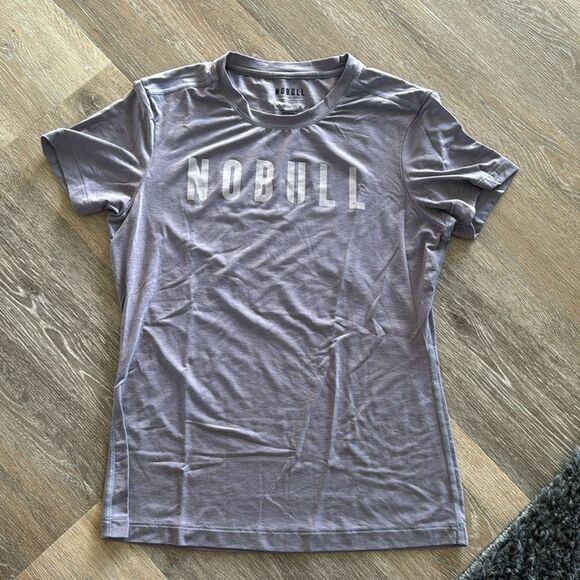 NOBULL Tops - Women’s NoBull Tee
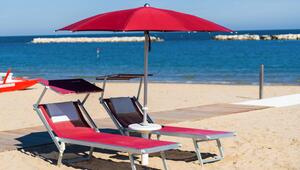 Strandliegen mit Sonnenschirm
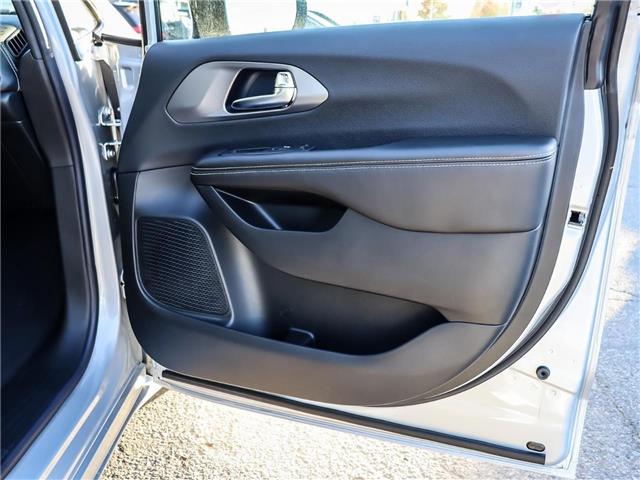 2026 Chrysler Pacifica Select (Stk: 26-061D) in Uxbridge - Image 18 of 25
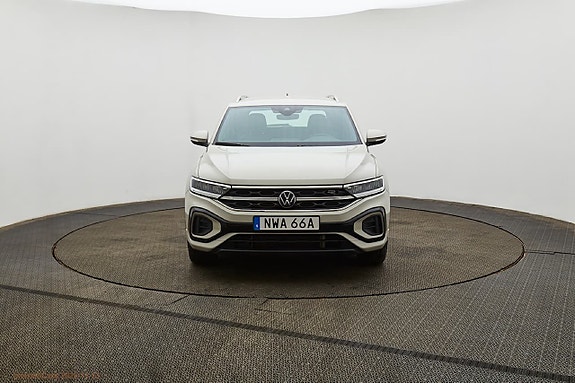 Volkswagen T-Roc 2 of 5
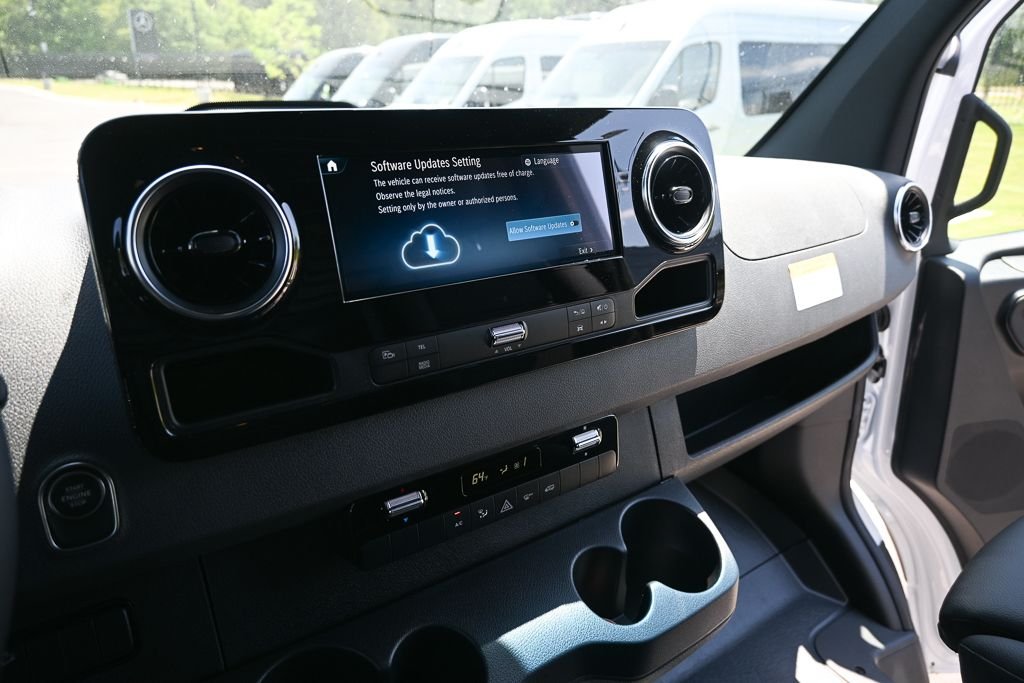 New 2026 Arctic White Mercedes-Benz Cargo 170 WB image 13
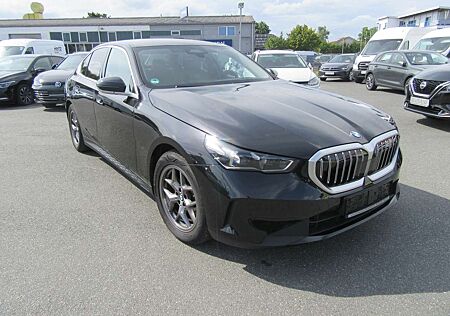 BMW 520 i Automatik NEUES MODEL!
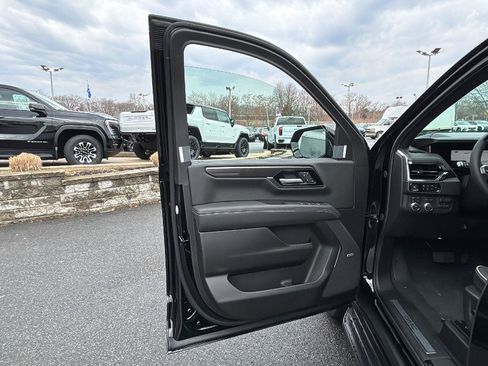 New 2026 GMC Yukon Elevation w/ Elevation Premium Package image 24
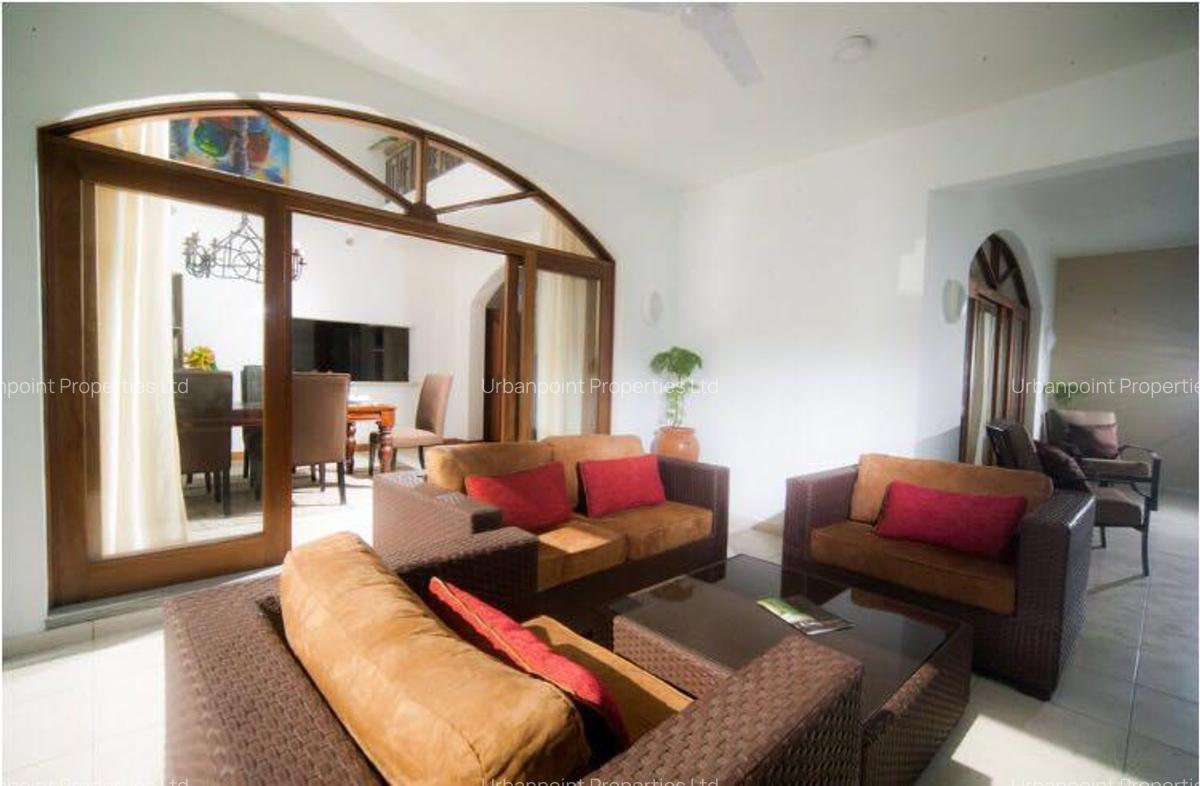 4 Bed House with En Suite in Nyali Area - 7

Exercise description
Word-for-word output of the material above is needed, with the pictures left out.

Answer box
 NOBULL Tops - Women’s NoBull Tee
 Strandliegen mit Sonnenschirm
 2026 Chrysler Pacifica Select (Stk: 26-061D) in Uxbridge - Image 18 of 25
 Volkswagen T-Roc 2 of 5
 New 2026 Arctic White Mercedes-Benz Cargo 170 WB image 13
 BMW 520 i Automatik NEUES MODEL!
 New 2026 GMC Yukon Elevation w/ Elevation Premium Package image 24
 4 Bed House with En Suite in Nyali Area - 7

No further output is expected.